Exercise requirements —
From the records below, output exactly the lines running from the line containing "Rayman kicking a Psychlops in the Swamp" through the line containing "China Machine producing", and no others.

Given data —
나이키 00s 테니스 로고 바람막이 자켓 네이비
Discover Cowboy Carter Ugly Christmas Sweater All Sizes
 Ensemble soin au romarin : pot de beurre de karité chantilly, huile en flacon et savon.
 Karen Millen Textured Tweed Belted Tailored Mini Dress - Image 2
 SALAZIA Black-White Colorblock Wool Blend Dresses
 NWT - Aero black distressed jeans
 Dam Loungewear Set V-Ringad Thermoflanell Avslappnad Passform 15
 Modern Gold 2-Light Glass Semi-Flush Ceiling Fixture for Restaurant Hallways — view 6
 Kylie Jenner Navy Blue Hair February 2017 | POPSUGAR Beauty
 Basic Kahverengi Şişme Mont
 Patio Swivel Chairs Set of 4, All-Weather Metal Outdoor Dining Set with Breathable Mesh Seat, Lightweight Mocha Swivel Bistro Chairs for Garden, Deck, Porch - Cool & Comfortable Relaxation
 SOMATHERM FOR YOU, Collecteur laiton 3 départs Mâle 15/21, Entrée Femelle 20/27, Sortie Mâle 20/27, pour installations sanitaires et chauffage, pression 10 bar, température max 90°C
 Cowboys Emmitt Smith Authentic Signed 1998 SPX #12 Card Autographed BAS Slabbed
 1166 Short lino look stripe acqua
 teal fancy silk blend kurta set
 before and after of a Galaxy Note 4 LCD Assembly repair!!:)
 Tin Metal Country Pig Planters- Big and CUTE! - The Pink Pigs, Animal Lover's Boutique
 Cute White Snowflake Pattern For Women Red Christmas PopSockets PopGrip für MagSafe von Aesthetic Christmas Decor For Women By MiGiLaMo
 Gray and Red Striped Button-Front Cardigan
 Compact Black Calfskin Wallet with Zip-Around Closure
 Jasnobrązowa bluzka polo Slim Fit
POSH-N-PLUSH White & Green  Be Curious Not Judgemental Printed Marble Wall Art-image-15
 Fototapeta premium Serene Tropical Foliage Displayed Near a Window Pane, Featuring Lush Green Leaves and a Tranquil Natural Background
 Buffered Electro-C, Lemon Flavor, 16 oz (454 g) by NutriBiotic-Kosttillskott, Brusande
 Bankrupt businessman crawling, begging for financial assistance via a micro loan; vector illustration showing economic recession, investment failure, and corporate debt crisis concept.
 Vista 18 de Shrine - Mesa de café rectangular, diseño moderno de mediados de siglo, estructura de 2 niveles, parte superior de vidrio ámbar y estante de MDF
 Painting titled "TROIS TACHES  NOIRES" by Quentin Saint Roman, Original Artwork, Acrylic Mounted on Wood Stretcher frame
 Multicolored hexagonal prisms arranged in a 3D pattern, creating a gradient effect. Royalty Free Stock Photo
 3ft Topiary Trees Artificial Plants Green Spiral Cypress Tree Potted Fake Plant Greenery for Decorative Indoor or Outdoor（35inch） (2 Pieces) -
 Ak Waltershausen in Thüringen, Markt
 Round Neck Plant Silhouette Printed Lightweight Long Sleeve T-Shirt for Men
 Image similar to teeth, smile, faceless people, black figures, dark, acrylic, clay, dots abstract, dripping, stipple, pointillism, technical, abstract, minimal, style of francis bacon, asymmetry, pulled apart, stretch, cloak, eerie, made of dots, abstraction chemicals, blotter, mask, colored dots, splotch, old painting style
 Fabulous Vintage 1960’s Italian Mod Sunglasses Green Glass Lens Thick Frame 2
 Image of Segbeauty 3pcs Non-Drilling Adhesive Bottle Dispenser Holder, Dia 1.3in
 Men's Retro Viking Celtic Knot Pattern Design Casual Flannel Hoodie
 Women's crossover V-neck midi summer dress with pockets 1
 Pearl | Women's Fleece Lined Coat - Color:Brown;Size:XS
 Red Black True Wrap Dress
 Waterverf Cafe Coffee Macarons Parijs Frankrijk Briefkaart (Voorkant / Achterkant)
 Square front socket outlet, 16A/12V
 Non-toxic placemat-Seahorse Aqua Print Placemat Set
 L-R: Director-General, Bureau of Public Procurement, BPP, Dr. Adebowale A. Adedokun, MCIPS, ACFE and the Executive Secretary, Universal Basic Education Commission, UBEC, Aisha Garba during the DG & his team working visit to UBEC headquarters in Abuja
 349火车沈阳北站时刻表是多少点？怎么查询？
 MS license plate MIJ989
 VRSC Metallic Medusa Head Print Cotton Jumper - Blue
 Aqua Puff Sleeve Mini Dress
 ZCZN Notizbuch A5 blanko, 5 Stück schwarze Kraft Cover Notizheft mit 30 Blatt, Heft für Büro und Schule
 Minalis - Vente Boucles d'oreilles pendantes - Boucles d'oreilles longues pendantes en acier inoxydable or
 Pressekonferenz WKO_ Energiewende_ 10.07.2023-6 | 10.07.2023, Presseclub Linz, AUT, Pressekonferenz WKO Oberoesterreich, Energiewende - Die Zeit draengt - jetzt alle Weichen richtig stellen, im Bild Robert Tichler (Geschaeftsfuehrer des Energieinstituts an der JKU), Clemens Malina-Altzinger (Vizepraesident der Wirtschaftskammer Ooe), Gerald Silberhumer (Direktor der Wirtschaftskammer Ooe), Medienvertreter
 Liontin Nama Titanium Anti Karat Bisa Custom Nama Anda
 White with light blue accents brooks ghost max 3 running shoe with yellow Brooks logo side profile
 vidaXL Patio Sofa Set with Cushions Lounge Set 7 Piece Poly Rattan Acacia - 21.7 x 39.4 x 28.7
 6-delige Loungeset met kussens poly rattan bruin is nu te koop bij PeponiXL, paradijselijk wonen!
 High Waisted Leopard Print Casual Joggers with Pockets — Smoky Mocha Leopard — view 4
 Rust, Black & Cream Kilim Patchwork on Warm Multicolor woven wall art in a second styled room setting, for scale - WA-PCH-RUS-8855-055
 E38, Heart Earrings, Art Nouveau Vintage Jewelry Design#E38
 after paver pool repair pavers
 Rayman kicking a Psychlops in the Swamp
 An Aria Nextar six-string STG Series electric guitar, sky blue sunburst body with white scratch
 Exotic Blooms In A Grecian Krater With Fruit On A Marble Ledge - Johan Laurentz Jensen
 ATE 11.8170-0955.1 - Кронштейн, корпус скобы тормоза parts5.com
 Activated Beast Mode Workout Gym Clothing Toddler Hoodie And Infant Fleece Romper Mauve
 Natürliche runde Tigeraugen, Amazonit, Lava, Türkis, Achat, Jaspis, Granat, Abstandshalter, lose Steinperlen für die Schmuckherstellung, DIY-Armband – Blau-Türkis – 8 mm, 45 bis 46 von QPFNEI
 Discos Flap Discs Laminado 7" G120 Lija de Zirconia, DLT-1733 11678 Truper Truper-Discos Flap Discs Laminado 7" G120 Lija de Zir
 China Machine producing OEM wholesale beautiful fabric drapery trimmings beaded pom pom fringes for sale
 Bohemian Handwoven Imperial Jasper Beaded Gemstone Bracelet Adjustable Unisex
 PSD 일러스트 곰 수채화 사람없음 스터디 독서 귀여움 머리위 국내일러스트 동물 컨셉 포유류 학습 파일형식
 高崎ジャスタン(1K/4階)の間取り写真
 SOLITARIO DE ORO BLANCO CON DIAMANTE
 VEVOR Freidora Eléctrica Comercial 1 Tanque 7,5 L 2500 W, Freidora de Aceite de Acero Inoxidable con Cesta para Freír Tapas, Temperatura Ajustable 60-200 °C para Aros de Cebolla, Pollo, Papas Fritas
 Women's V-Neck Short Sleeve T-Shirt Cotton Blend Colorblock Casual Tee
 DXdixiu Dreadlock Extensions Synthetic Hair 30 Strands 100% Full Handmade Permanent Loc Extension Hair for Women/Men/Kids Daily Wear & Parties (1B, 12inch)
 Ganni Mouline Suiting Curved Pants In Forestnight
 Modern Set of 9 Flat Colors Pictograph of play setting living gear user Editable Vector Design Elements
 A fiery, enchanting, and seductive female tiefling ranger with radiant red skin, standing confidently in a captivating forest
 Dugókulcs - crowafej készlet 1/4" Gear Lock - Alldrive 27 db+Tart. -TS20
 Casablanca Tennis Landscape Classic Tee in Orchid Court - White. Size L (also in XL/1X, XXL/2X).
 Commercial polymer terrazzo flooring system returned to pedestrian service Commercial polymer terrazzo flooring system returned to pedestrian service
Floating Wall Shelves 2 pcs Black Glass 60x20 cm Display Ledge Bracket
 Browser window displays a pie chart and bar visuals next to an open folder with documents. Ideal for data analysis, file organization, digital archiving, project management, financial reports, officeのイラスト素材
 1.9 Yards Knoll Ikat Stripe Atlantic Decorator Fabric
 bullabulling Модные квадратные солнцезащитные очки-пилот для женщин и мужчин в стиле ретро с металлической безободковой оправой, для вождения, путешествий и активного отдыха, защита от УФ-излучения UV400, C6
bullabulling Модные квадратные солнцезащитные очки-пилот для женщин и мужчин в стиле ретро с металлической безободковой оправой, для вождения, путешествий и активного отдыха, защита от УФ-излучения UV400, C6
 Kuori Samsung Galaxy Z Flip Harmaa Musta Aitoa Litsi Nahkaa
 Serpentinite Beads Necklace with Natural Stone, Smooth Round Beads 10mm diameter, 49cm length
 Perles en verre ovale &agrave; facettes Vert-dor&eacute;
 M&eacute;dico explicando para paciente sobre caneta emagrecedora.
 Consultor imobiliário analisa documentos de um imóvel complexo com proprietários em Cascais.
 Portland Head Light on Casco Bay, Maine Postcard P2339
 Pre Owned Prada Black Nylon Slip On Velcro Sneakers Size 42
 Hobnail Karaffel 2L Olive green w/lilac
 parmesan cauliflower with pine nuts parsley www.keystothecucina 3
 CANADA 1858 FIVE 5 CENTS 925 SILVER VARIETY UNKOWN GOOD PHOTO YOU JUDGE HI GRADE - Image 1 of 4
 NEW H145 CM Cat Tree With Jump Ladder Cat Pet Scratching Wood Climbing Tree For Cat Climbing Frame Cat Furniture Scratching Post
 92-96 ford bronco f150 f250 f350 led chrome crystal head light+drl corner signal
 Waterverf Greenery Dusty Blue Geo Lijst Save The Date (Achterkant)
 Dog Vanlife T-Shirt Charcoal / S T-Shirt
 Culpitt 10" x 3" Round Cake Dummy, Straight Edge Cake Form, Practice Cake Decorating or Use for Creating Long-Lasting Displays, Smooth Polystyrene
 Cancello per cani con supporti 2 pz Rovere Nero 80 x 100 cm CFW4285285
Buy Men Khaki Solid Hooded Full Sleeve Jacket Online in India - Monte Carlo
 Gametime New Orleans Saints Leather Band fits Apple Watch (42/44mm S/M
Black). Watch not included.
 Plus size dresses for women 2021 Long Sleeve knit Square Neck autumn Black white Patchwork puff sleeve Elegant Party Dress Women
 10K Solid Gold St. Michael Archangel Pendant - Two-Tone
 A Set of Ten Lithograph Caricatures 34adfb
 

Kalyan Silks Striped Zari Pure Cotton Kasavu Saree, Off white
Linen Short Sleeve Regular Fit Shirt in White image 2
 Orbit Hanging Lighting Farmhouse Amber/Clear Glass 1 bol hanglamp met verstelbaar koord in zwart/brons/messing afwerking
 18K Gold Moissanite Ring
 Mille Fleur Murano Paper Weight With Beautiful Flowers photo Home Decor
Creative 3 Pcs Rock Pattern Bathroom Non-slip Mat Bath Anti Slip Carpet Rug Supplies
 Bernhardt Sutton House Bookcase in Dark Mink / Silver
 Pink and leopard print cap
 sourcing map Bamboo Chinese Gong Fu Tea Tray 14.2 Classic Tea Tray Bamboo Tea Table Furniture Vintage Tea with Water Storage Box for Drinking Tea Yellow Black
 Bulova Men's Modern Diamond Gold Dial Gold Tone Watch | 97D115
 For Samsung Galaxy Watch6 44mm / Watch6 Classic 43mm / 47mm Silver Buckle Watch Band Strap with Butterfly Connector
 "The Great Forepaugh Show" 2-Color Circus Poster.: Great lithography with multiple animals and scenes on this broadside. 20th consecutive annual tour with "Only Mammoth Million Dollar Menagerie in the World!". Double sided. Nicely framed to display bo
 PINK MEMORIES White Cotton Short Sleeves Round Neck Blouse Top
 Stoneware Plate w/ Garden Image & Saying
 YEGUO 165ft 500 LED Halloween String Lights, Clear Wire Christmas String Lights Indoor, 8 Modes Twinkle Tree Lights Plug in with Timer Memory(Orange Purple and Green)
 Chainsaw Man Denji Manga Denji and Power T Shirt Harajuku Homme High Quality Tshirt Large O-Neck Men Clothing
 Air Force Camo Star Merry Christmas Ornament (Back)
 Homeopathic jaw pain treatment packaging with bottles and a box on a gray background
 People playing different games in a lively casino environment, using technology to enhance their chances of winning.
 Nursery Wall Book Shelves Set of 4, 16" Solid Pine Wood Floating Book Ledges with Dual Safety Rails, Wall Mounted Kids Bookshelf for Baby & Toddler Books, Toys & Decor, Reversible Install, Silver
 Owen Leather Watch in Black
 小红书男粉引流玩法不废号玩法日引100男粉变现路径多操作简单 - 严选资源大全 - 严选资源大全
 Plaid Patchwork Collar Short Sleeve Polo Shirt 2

Answer for this exercise —
 Rayman kicking a Psychlops in the Swamp
 An Aria Nextar six-string STG Series electric guitar, sky blue sunburst body with white scratch
 Exotic Blooms In A Grecian Krater With Fruit On A Marble Ledge - Johan Laurentz Jensen
 ATE 11.8170-0955.1 - Кронштейн, корпус скобы тормоза parts5.com
 Activated Beast Mode Workout Gym Clothing Toddler Hoodie And Infant Fleece Romper Mauve
 Natürliche runde Tigeraugen, Amazonit, Lava, Türkis, Achat, Jaspis, Granat, Abstandshalter, lose Steinperlen für die Schmuckherstellung, DIY-Armband – Blau-Türkis – 8 mm, 45 bis 46 von QPFNEI
 Discos Flap Discs Laminado 7" G120 Lija de Zirconia, DLT-1733 11678 Truper Truper-Discos Flap Discs Laminado 7" G120 Lija de Zir
 China Machine producing OEM wholesale beautiful fabric drapery trimmings beaded pom pom fringes for sale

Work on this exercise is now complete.